**EXERCISE BRIEF**. Below is a listing with pictures. Repeat exactly the lines starting at the one holding "Frightened sheep and shaved one" and going on through the one holding "Killdeer - ML311745301", and leave every picture out.

**RECORDS SUPPLIED**.
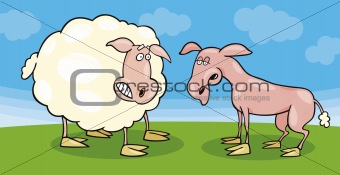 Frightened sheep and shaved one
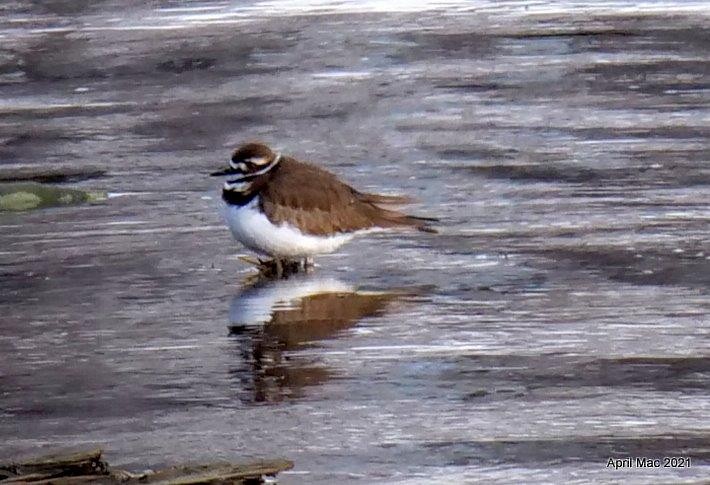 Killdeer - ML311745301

* * *

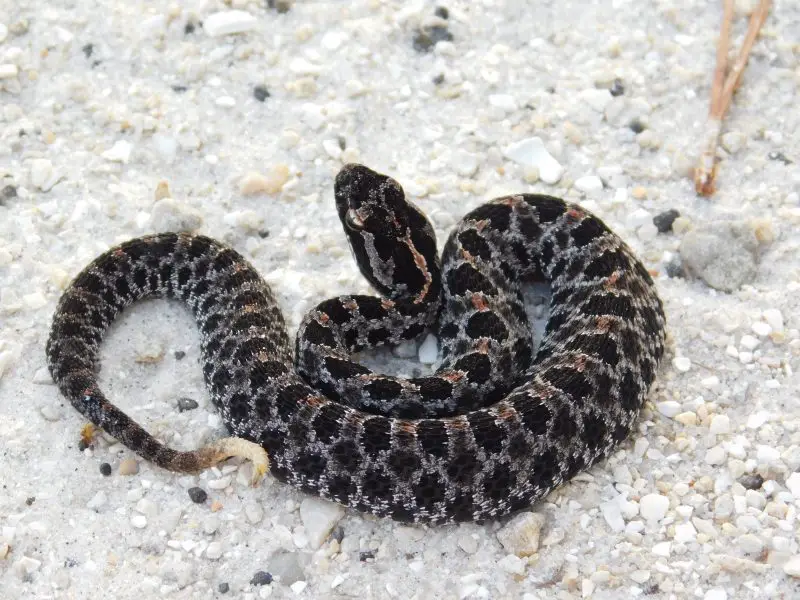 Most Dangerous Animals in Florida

==

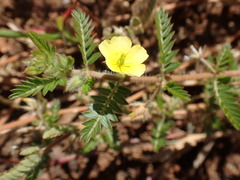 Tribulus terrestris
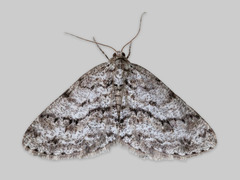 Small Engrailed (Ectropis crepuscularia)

**RESPONSE TO THE EXERCISE**.
 Frightened sheep and shaved one
 Killdeer - ML311745301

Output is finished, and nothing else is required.